ROGERS, JAMES HOTCHKISS (7 Feb. 1857-28 Nov. 1940), composer, music critic, organist, and teacher, was born in Fair Haven, Conn., son of Martin L. and Harriett. Hotchkiss began piano lessons at 12 and organ lessons later, and studied in Europe from 1875-80. In 1883, Rogers moved to Cleveland, becoming organist at Euclid Ave. Temple (see ANSHE CHESED), playing until his retirement in 1932. He was also organist for Shaker Hts. Neighborhood Church and First Unitarian Church. Rogers was music critic for the PLAIN DEALER from 1915-32. It was said Rogers was never harsh; even when Isadora Duncan danced in an outrageous red costume in 1922, Rogers simply wrote, "all things considered, the orchestra did very well." Rogers explained his role was not to discourage but rather to encourage and advise.

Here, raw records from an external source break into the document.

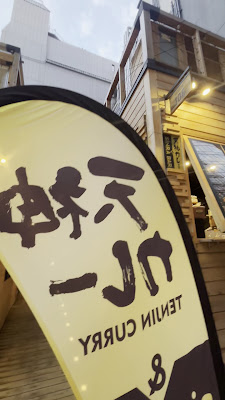 天神カレー 사진 3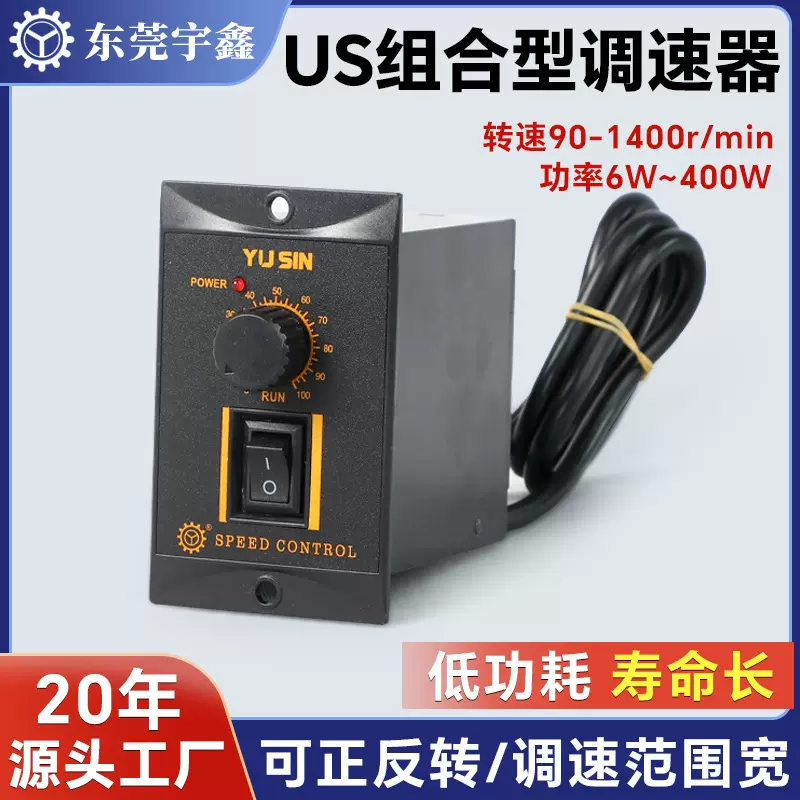 东莞宇鑫US组合型调速器200-240V低功耗正反转可调变速现货直销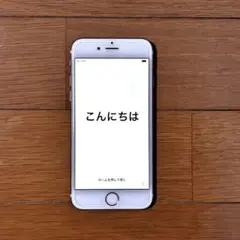 Apple iPhone 6 ゴールド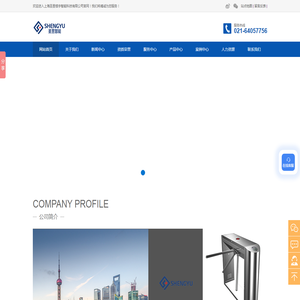 上海车牌识别系统_一卡通设备厂家_安防系统施工_上海弱电系统集成商_上海圣昱楼宇智能科技有限公司
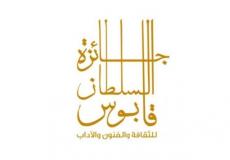 أسماء الفائزين في جائزة السُّلطان قابوس للثقافة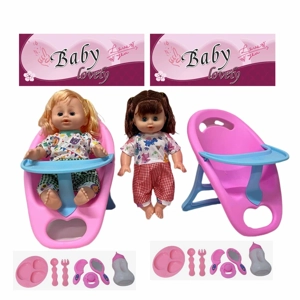 14 Inch Empty Body Bendable Leg Drink & Pee Girl Doll with Dining Chair + Various Accessories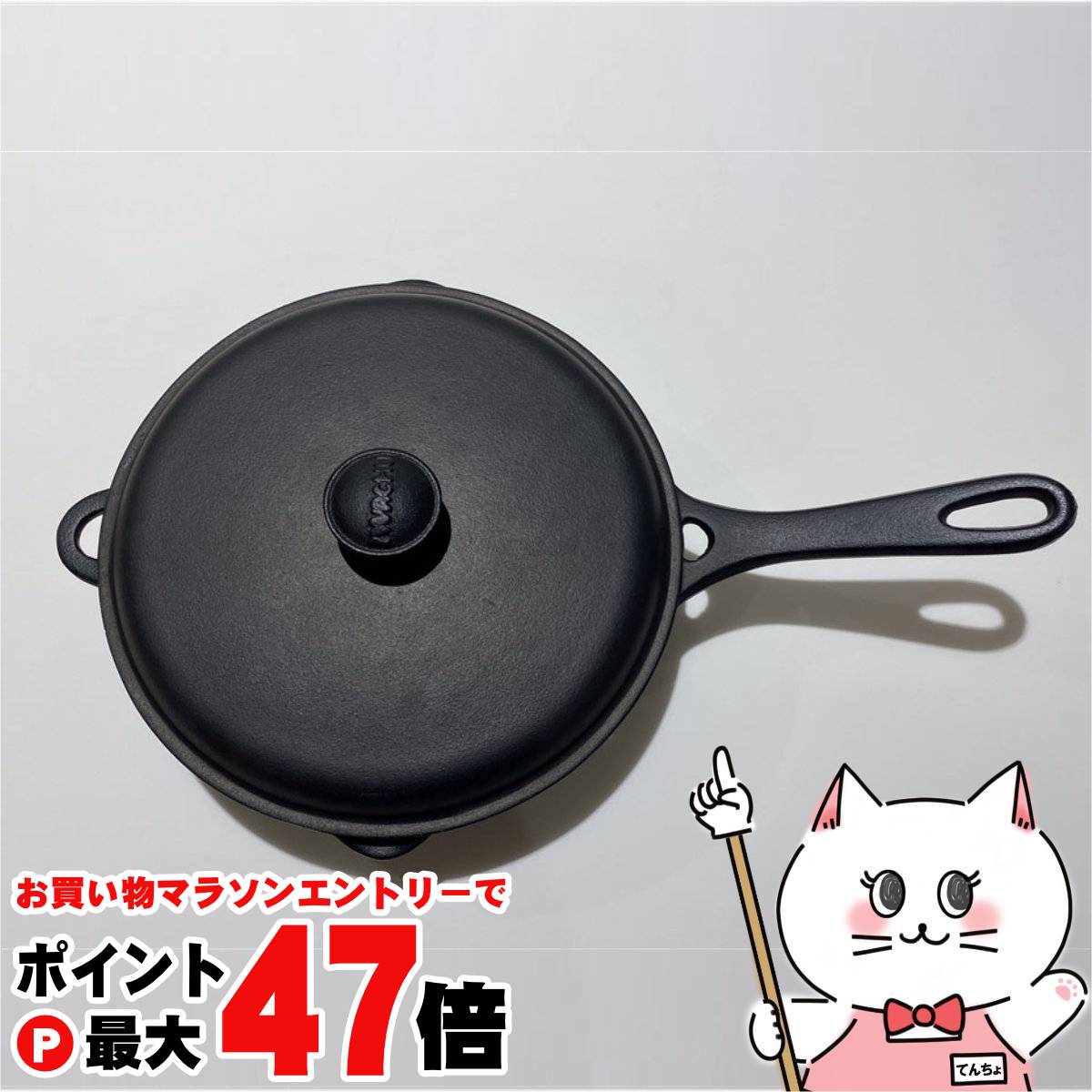 岩鋳 蓋付フライパン 24cm IH対応 南部鉄器 f001.jpg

Rogers composed over 550 works: over 50 compositions for the organ, 5 cantatas, over 130 songs, and instruction books for both piano and organ. His composing style was late Romantic and tended toward the sentimental. "In Memoriam," a 6-song cycle centering on Walt Whitman's poems, was written for his son, Henry, who was killed in WORLD WAR I. In 1946, the CLEVELAND ORCHESTRA dedicated a program to Rogers, and a portrait, painted by Mary Seymour Brooks, was presented to the WESTERN RESERVE HISTORICAL SOCIETY. Rogers taught at the Cleveland School of Music. Upon his retirement, he was honored by 500 musicians and friends at a farewell dinner. He moved to Pasadena, Calif., where he died. Rogers married Alice Abigail Hall on 20 Oct. 1891 and had 2 children, Stewart and Marian. He was buried in LAKE VIEW CEMETERY.
Alexander, J. Heywood. It Must Be Heard (1981).